Софья Андреевна со злобой рассказывала об этом однажды при мне старушке-родственнице Варваре Валерьяновне Нагорновой:
– Была я у этого идиота, Аристида Аристидыча, у Кассо… Лев Аристидыч его зовут. Жаловалась. А он отвернул свою поганую морду: «Пускай докажут, что я плохой юрист!»
– Что, он – грек, должно быть? – робко осведомилась смиренница Варвара Валерьяновна.
– Черт его знает!.. Цыган какой-то.
Л. А. Кассо был в прошлом профессором Московского университета, а затем, перед назначением в министры, директором основанного знаменитым в свое время публицистом-консерватором М. Н. Катковым московского лицея цесаревича Николая, где обучалась богатая молодежь из дворянских и буржуазных семей.

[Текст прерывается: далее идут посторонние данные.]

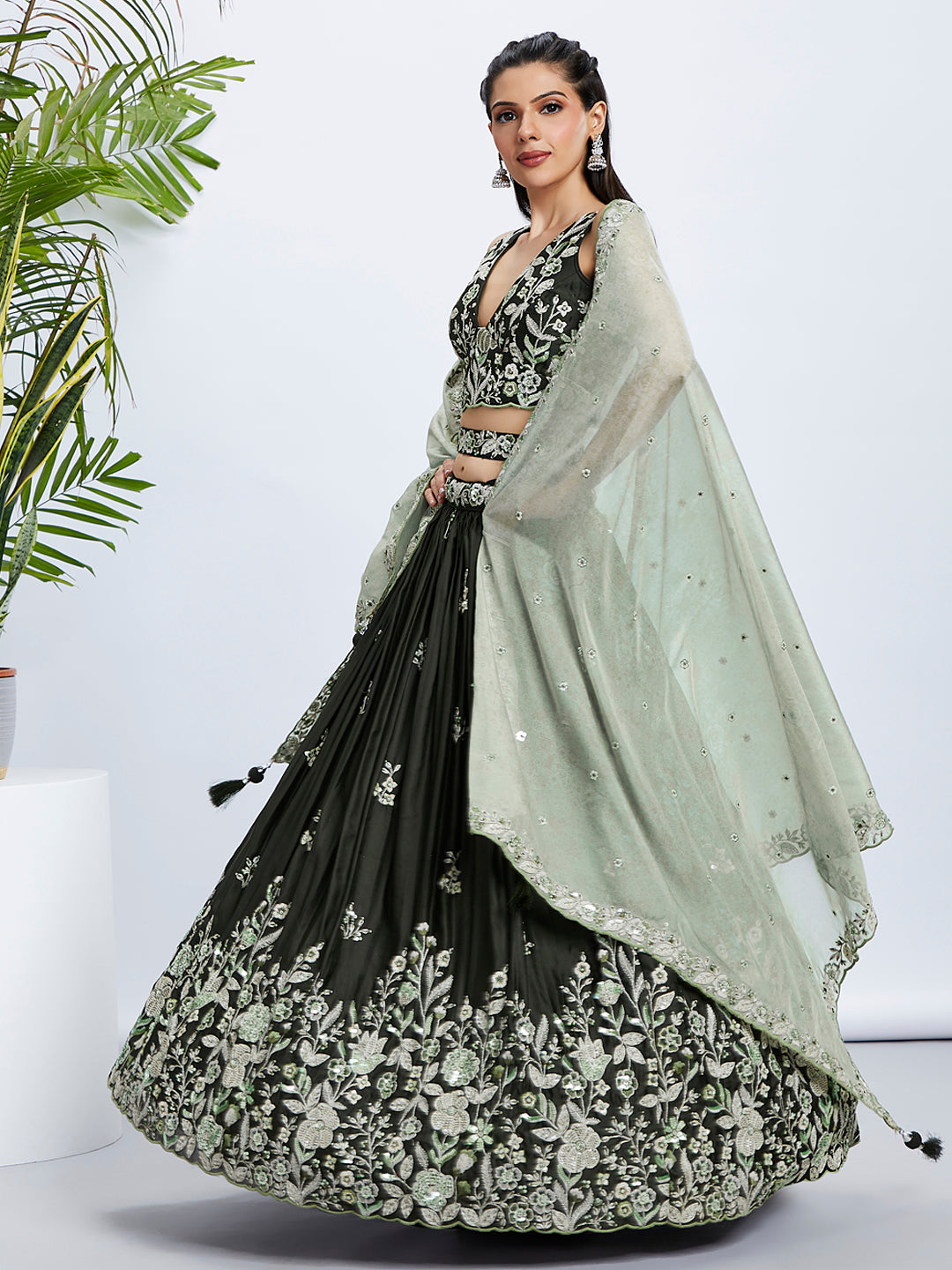 Women Olive Pure Georgette Sequins and thread embroidery Lehenga choli & Dupatta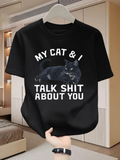 Men's T-Shirt My Cat And I Relaxed Black Cat Resting Calmly Cat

Так как Московский Исторический музей решил временно, до окончания спора между наследниками Толстого, не выдавать рукописей и А. Л. Толстой, то последняя, с своей стороны, обратилась с «всеподданейшим» ходатайством о выдаче рукописей к царю. Царь, или те, кто стоял за ним, предложили матери и дочери покончить дело миролюбивым соглашением или третейским разбирательством. К миру между Чертковым, действовавшим за спиной Александры Львовны, и С. А. Толстой дойти, конечно, не могло. От третейского разбирательства Софья Андреевна отказалась, выступив теперь с новой жалобой, уже на министра Кассо, перед 3-м департаментом Сената. Чертков кинулся «обрабатывать» сенаторов, посещая каждого из них в отдельности и снабжая их обличительными материалами о Софье Андреевне. И это был тот самый человек, который, «не желая иметь дело с правительством», отказался в свое время продолжать «Посредник», как отказывался и от издания подцензурного журнала!.. Комично читать в объяснениях Александры Львовны (то есть Черткова), данных Сенату, ссылки на «Монаршию волю» и на «резолюцию государя императора»! Куда только девался чертковский анархизм!.. Конечно, составлялись все бумаги адвокатами, но подписывались все-таки наследниками Толстого.